**Short web captions**
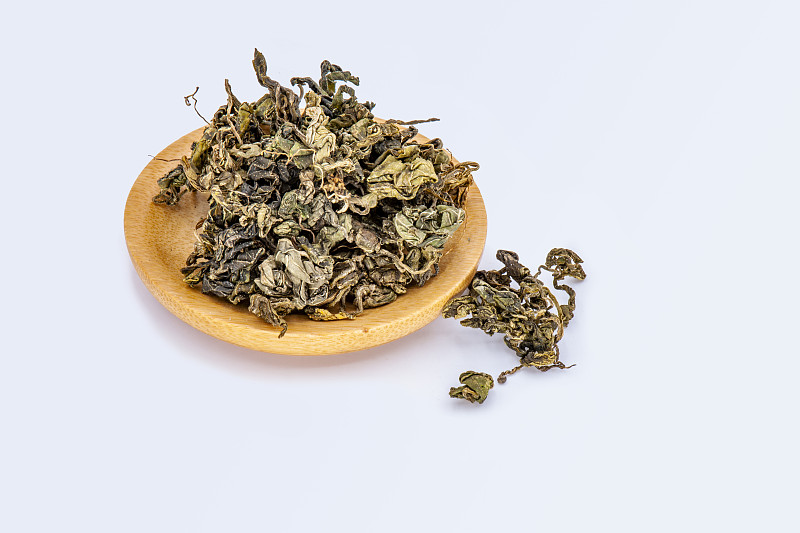 请改以下段落让其更有逻辑重点突出用词更准确内容更丰富首先让我们来了解一下痔疮的基础知识。痔疮的成因是多方面的全球公认的理论是肛垫滑动学说。肛垫包括盆底动力学改变、Treitz肌退行性变、动静脉吻合调节障碍、病理性肥大、肛垫脱垂、出血、疼痛等。内痔的Goligher分类主要有一类明显的血管充血但不脱垂、二类痔在用力时从肛门脱出但可自动还纳、三类痔在用力时从肛门脱出不能自动还纳需要人工还纳进入肛管、四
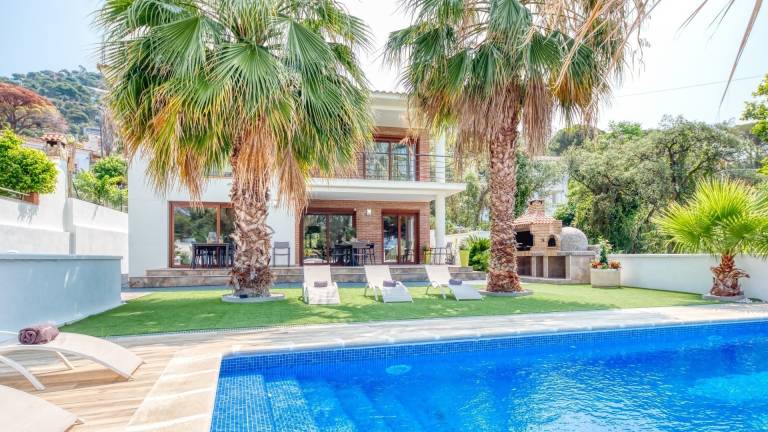 Villa "Costacabana - Marcella" with Private Pool, Private Terrace & Wi-Fi in Lloret de Mar
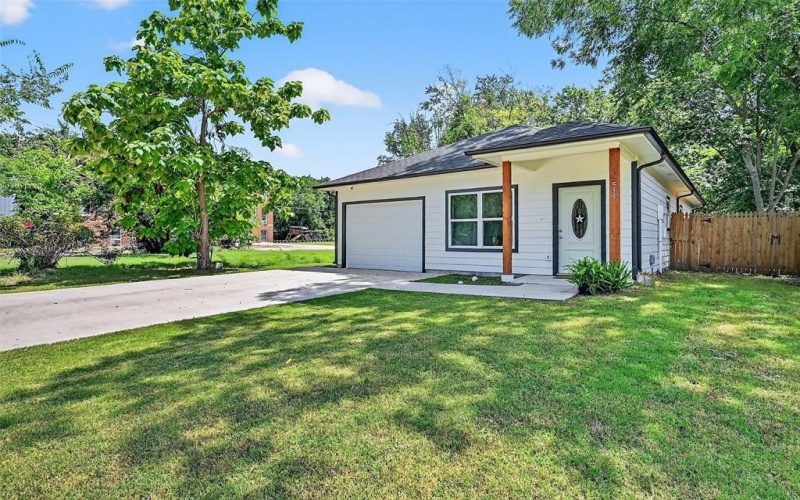 515 N East Street, Sherman, TX 75090, 3 Bedrooms Bedrooms, ,2 BathroomsBathrooms,Residential,For Sale,515 N East Street,21014302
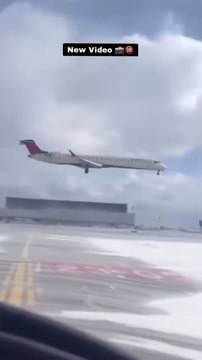 Plane crashed in Toronto ( Canada)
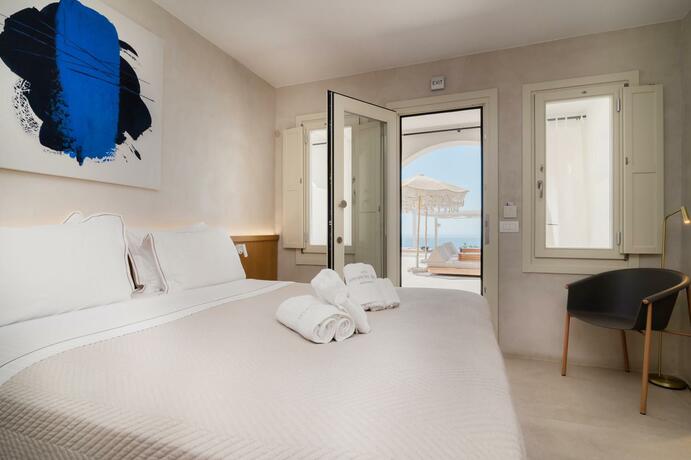 Imagen general del Hotel Apeiron Blue Santorini. Foto 12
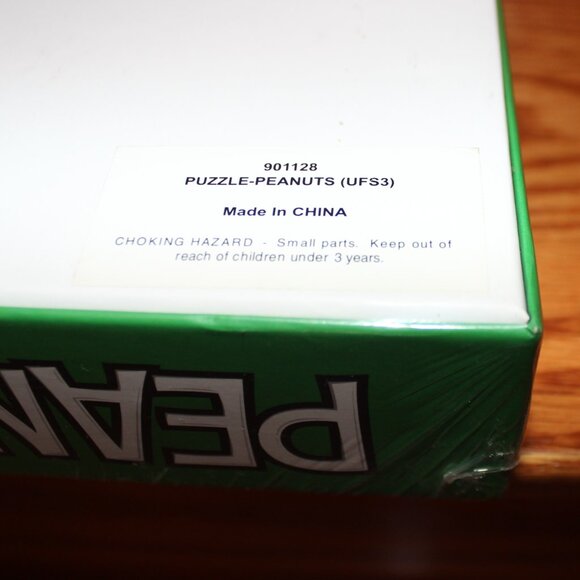 3/$55❤️new sealed PEANUTS A Very Snoopy Christmas Puzzle 1000 pcs Charlie Brown - Picture 5 of 7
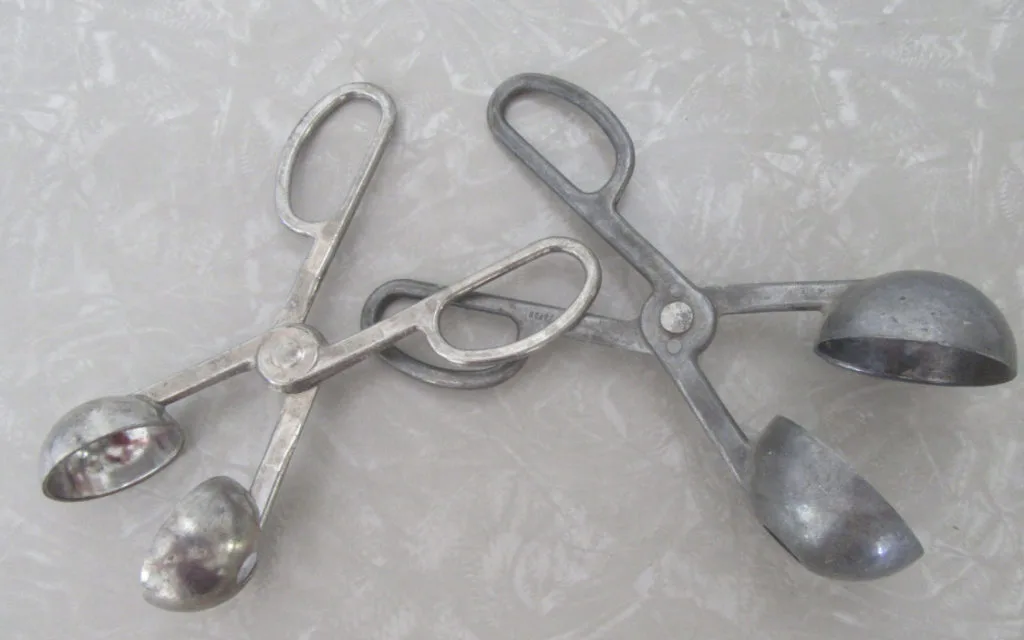 DO YOU RECOGNIZE THIS VINTAGE KITCHEN TOOL?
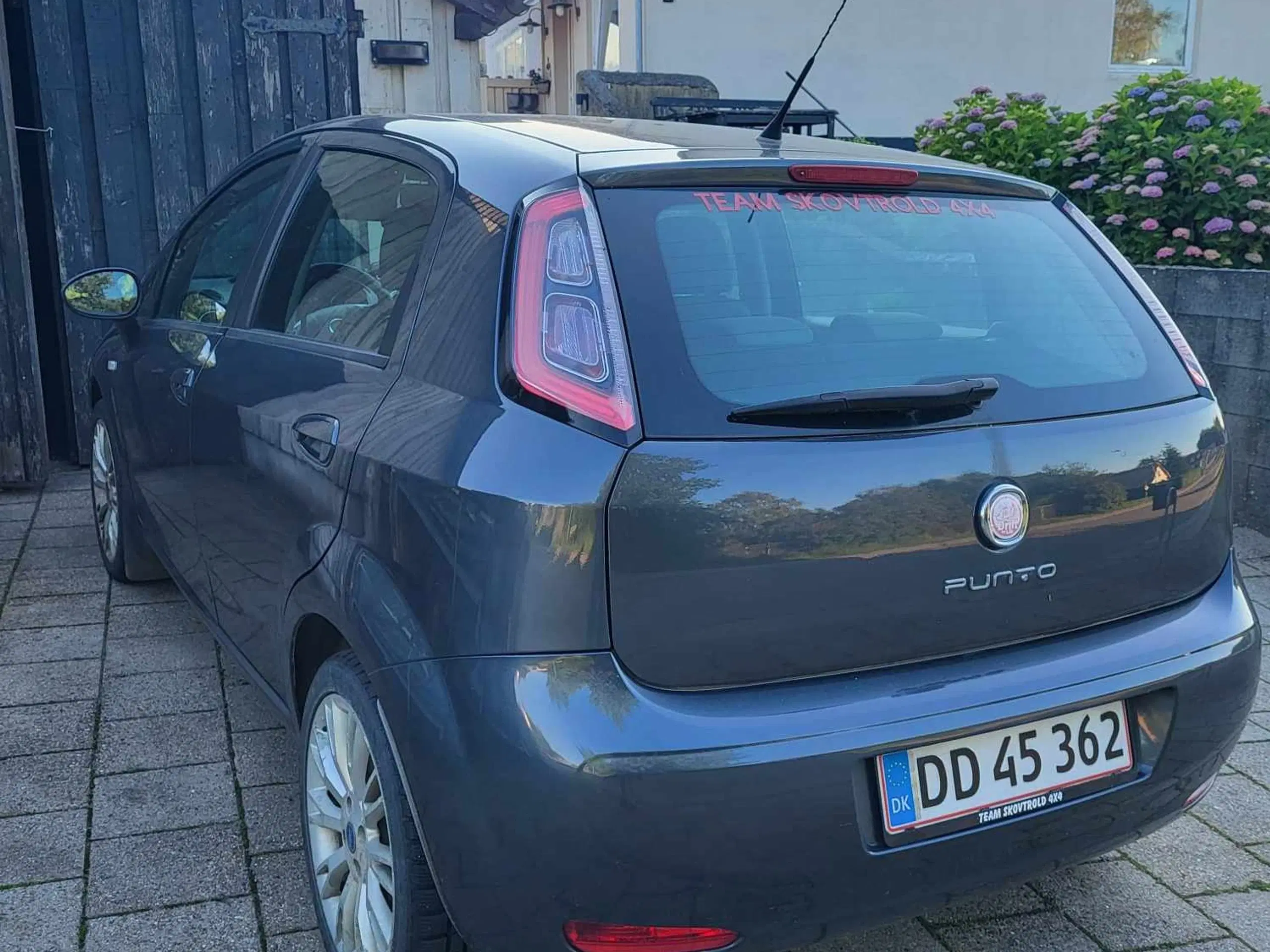 Fiat punto 14i 2012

**EXERCISE PROMPT**
From the line containing "515 N East Street, Sherman, TX" down to the final line of the records above, restate every line word for word, add nothing, and skip the pictures.

**EXPECTED OUTPUT**
 515 N East Street, Sherman, TX 75090, 3 Bedrooms Bedrooms, ,2 BathroomsBathrooms,Residential,For Sale,515 N East Street,21014302
 Plane crashed in Toronto ( Canada)
 Imagen general del Hotel Apeiron Blue Santorini. Foto 12
 3/$55❤️new sealed PEANUTS A Very Snoopy Christmas Puzzle 1000 pcs Charlie Brown - Picture 5 of 7
 DO YOU RECOGNIZE THIS VINTAGE KITCHEN TOOL?
 Fiat punto 14i 2012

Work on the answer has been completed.